What to do => The lines from the top of the records below through the one containing "Автокрісло Maxi-Cosi Pebble" are to be transcribed exactly, and nothing else is to be added.
───── Available data ─────
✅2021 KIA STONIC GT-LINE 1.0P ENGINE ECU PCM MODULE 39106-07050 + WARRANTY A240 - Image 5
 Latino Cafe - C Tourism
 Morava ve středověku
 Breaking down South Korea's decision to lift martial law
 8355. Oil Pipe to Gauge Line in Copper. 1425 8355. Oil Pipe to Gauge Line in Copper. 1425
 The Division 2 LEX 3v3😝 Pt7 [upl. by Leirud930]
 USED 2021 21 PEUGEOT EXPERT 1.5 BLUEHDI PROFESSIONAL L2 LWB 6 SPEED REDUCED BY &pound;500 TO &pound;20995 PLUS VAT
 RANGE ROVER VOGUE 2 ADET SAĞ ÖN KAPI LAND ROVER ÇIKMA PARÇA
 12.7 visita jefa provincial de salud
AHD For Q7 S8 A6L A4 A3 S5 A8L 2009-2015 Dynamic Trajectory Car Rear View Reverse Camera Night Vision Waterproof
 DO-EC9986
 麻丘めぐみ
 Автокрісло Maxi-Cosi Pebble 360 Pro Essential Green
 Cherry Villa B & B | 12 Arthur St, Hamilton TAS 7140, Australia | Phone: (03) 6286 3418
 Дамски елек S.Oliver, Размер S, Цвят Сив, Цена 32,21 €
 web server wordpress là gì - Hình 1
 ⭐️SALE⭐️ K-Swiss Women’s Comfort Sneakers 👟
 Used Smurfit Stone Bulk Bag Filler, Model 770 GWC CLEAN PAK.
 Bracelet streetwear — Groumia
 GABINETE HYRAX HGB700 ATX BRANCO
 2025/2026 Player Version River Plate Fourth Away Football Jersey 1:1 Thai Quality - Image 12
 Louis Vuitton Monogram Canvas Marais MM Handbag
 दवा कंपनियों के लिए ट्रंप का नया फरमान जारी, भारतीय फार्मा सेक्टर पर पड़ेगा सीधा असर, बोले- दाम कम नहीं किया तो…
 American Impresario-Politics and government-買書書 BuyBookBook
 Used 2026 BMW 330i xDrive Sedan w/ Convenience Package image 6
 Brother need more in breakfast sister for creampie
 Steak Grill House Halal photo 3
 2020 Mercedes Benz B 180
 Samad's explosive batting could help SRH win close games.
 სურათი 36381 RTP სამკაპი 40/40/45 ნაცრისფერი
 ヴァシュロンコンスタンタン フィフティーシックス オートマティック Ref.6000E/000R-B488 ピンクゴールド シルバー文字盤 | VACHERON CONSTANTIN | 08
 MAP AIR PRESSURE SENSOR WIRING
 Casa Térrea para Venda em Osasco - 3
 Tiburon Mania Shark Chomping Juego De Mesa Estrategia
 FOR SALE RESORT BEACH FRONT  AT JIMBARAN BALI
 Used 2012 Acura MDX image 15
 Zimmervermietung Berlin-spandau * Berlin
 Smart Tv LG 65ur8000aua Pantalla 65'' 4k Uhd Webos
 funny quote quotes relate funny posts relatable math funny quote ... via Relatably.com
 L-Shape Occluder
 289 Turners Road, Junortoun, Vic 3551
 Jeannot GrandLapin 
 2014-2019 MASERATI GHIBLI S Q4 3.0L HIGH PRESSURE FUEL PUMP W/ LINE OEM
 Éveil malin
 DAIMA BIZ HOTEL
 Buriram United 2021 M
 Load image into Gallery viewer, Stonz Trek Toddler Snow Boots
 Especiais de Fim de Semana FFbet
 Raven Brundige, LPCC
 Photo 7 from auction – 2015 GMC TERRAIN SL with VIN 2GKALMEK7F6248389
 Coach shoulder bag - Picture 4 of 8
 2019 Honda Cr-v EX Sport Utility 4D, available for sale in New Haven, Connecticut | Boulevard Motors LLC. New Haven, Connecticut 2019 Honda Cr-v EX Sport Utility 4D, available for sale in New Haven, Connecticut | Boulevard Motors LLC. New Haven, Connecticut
─────
Solution for this task =>
✅2021 KIA STONIC GT-LINE 1.0P ENGINE ECU PCM MODULE 39106-07050 + WARRANTY A240 - Image 5
 Latino Cafe - C Tourism
 Morava ve středověku
 Breaking down South Korea's decision to lift martial law
 8355. Oil Pipe to Gauge Line in Copper. 1425 8355. Oil Pipe to Gauge Line in Copper. 1425
 The Division 2 LEX 3v3😝 Pt7 [upl. by Leirud930]
 USED 2021 21 PEUGEOT EXPERT 1.5 BLUEHDI PROFESSIONAL L2 LWB 6 SPEED REDUCED BY &pound;500 TO &pound;20995 PLUS VAT
 RANGE ROVER VOGUE 2 ADET SAĞ ÖN KAPI LAND ROVER ÇIKMA PARÇA
 12.7 visita jefa provincial de salud
AHD For Q7 S8 A6L A4 A3 S5 A8L 2009-2015 Dynamic Trajectory Car Rear View Reverse Camera Night Vision Waterproof
 DO-EC9986
 麻丘めぐみ
 Автокрісло Maxi-Cosi Pebble 360 Pro Essential Green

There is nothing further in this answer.